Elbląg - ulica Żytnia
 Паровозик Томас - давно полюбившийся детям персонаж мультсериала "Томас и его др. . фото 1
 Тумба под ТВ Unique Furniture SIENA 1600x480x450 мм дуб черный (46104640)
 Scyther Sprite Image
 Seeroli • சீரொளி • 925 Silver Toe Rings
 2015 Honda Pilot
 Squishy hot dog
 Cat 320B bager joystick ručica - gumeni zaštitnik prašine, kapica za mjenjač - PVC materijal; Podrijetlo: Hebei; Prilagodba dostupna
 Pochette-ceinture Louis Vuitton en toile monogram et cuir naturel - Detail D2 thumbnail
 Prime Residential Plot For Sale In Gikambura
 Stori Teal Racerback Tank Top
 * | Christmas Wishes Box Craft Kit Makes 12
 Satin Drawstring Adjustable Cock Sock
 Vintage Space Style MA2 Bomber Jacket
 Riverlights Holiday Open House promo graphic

********

## WORK TO BE COMPLETED
Please return only the lines above, starting at the line that has "Тумба под ТВ" and ending at the line that has "Cat 320B bager", keeping both and leaving each one unchanged.

## RESPONSE
 Тумба под ТВ Unique Furniture SIENA 1600x480x450 мм дуб черный (46104640)
 Scyther Sprite Image
 Seeroli • சீரொளி • 925 Silver Toe Rings
 2015 Honda Pilot
 Squishy hot dog
 Cat 320B bager joystick ručica - gumeni zaštitnik prašine, kapica za mjenjač - PVC materijal; Podrijetlo: Hebei; Prilagodba dostupna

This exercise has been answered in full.